• SUPPLIED DATA

----------

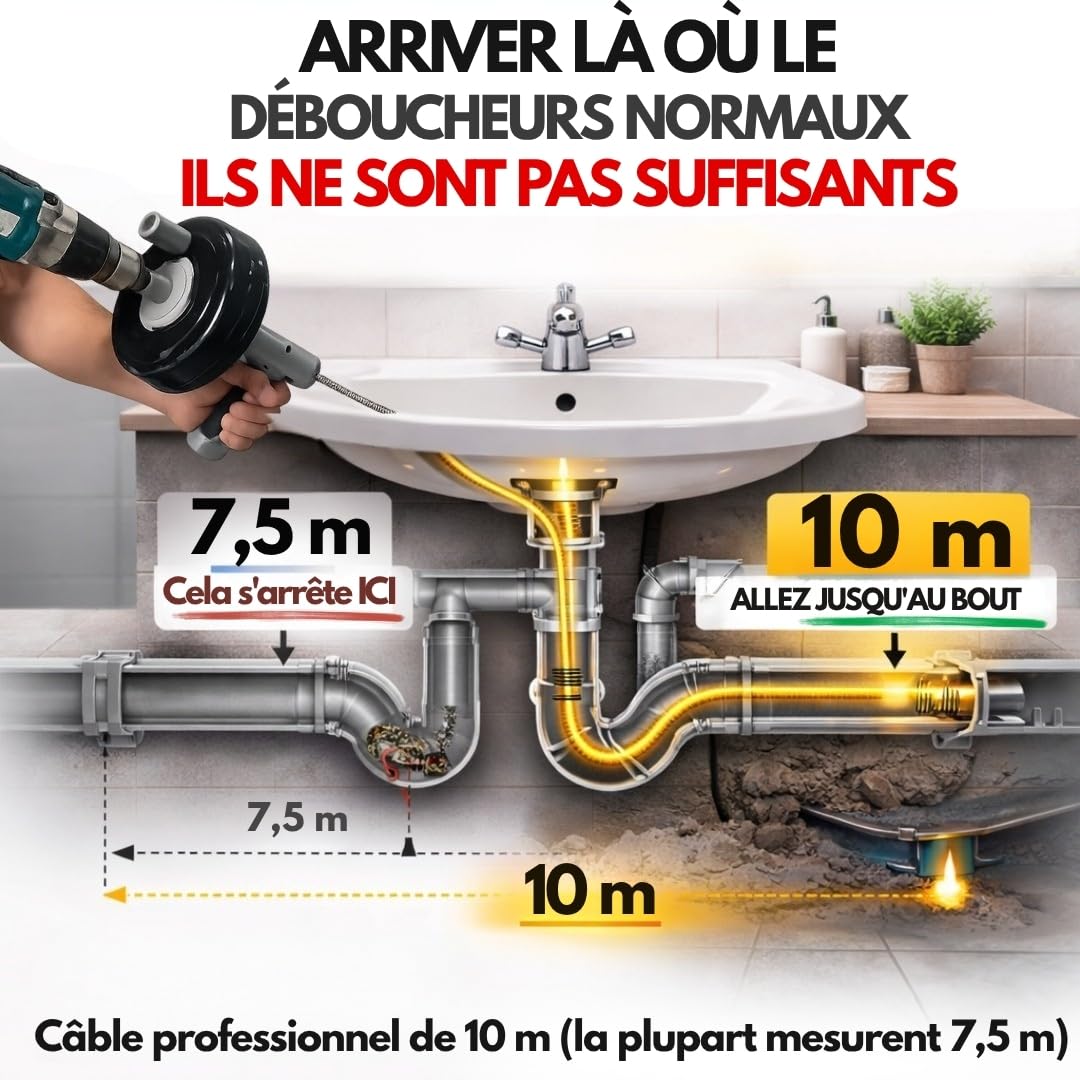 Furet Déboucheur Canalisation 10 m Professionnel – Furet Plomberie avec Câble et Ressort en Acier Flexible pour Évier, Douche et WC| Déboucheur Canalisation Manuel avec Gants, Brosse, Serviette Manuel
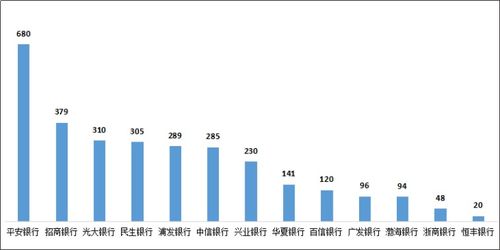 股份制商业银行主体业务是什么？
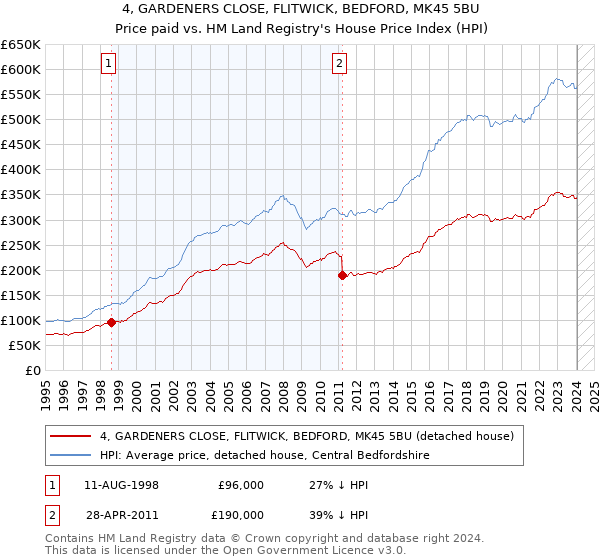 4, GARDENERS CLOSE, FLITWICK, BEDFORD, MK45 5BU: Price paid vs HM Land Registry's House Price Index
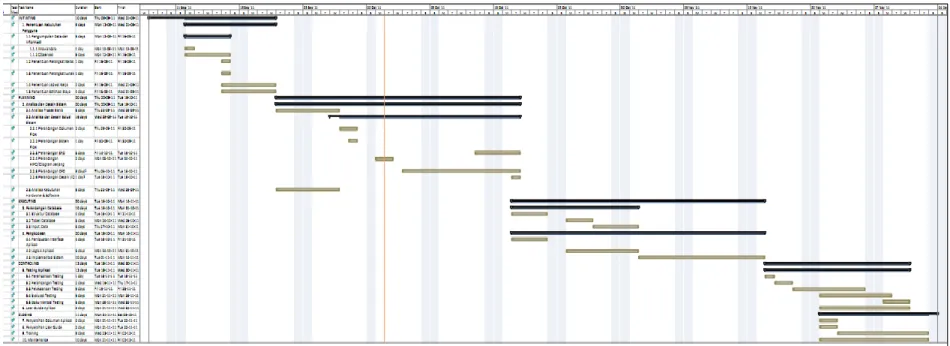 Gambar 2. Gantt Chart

----------

Find the line that contains "股份制商业银行主体业务是什么？". Copy it and every line after it through the end of the listing exactly, but not the pictures.

• ANSWER
 股份制商业银行主体业务是什么？
 4, GARDENERS CLOSE, FLITWICK, BEDFORD, MK45 5BU: Price paid vs HM Land Registry's House Price Index
 Gambar 2. Gantt Chart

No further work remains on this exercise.